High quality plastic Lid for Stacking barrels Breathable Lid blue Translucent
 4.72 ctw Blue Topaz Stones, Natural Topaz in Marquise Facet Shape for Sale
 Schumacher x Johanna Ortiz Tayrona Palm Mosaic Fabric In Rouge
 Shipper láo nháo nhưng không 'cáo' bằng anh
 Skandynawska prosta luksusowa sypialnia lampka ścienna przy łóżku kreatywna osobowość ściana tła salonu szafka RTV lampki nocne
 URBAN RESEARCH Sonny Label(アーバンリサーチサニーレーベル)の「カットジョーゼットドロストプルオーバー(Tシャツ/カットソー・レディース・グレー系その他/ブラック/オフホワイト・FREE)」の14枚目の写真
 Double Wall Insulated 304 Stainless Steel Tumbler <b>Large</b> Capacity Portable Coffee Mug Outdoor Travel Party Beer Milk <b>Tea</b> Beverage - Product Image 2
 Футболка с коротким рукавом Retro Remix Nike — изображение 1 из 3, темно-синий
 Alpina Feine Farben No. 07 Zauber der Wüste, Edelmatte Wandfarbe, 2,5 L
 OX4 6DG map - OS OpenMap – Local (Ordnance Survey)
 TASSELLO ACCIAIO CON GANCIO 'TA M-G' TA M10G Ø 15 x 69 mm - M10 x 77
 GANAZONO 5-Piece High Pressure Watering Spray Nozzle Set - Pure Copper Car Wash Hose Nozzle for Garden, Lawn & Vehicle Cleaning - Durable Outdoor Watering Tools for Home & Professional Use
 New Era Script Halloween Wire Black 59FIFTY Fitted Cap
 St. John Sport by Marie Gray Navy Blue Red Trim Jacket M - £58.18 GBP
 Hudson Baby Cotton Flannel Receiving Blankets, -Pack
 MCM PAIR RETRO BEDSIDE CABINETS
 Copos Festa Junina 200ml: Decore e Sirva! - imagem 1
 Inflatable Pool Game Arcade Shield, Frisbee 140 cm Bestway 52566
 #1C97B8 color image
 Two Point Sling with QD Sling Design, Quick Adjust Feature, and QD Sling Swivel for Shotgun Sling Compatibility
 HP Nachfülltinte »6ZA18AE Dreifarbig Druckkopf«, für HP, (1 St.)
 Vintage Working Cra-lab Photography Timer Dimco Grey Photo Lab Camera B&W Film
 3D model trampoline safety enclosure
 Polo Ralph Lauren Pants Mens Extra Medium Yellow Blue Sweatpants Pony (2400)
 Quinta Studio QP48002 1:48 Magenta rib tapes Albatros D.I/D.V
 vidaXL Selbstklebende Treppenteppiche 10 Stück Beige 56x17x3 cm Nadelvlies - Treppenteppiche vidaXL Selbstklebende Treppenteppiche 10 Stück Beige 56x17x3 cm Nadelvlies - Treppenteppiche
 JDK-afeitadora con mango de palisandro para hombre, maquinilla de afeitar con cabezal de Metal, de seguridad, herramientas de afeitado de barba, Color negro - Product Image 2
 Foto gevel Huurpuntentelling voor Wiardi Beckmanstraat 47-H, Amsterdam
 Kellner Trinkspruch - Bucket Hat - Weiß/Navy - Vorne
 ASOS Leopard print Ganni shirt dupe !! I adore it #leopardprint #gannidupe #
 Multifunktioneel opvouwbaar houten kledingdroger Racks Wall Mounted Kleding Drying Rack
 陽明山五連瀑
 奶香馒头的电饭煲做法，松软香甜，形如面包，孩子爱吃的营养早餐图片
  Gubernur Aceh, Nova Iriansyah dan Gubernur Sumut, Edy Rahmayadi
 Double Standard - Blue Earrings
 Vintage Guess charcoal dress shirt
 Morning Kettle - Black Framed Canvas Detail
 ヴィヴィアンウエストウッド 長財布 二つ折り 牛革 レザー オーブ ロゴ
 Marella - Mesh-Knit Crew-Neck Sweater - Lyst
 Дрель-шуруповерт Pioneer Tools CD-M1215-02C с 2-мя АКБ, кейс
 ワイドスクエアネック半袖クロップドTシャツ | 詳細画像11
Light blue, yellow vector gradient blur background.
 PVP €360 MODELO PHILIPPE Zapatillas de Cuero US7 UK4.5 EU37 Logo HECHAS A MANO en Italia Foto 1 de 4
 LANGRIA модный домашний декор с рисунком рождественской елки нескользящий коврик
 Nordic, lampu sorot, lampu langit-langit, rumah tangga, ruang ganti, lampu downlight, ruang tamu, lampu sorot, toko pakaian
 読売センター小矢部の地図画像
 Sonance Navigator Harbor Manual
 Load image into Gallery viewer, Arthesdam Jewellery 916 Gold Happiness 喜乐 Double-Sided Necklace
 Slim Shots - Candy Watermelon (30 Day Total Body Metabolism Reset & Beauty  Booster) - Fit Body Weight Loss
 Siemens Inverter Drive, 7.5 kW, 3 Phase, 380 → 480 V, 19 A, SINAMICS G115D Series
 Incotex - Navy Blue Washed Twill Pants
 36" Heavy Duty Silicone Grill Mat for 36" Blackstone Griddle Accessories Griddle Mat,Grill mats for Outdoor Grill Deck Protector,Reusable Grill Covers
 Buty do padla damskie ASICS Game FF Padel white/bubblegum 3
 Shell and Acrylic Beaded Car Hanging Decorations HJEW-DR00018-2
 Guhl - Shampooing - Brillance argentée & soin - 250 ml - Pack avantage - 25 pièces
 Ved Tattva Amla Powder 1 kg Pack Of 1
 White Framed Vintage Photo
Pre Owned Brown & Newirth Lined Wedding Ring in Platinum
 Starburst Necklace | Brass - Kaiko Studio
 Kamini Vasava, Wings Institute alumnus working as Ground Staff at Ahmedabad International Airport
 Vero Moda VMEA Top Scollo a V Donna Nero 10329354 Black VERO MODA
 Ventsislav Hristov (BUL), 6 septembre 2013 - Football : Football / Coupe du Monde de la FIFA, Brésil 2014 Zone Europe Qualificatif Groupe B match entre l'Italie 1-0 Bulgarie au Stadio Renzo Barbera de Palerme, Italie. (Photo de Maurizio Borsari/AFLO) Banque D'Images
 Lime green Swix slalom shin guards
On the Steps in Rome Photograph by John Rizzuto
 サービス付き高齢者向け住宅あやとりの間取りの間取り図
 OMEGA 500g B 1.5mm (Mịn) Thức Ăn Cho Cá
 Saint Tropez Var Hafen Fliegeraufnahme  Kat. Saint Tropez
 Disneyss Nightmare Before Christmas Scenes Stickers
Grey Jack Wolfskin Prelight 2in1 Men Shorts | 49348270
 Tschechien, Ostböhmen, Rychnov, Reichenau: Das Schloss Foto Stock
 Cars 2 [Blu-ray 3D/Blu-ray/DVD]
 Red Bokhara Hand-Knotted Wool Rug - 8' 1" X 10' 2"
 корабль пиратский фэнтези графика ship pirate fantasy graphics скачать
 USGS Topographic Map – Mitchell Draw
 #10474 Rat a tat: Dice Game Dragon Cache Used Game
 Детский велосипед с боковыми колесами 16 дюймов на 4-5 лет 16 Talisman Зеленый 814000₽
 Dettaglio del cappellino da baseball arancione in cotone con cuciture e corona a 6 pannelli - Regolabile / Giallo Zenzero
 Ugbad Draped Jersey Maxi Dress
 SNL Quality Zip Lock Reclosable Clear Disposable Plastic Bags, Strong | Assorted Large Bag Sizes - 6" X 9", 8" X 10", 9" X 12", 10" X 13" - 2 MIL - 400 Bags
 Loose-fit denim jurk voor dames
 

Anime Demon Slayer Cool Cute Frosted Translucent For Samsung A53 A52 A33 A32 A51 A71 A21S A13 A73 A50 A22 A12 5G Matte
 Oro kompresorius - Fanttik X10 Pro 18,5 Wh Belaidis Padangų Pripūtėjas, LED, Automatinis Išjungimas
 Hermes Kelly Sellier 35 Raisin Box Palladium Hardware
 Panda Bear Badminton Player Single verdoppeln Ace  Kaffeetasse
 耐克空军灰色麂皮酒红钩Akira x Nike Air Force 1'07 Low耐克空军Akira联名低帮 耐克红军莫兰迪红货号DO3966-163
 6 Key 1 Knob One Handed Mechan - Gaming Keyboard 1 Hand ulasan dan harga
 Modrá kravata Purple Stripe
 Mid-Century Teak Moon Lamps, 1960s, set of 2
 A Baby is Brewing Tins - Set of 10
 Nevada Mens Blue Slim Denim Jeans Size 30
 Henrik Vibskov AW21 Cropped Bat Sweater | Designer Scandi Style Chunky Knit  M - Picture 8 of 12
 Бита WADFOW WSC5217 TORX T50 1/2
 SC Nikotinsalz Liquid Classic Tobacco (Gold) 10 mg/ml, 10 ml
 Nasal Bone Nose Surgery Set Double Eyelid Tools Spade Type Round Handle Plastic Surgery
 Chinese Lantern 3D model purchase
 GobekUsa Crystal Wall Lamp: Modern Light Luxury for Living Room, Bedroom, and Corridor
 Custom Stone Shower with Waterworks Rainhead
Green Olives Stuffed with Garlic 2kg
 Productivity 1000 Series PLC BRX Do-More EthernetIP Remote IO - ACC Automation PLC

# PROBLEM TO SOLVE
Output the lines of the records above exactly as they appear, from the line containing "Бита WADFOW WSC5217 TORX T50 1/2" through the line containing "Chinese Lantern 3D model purchase".

# REPLY
 Бита WADFOW WSC5217 TORX T50 1/2
 SC Nikotinsalz Liquid Classic Tobacco (Gold) 10 mg/ml, 10 ml
 Nasal Bone Nose Surgery Set Double Eyelid Tools Spade Type Round Handle Plastic Surgery
 Chinese Lantern 3D model purchase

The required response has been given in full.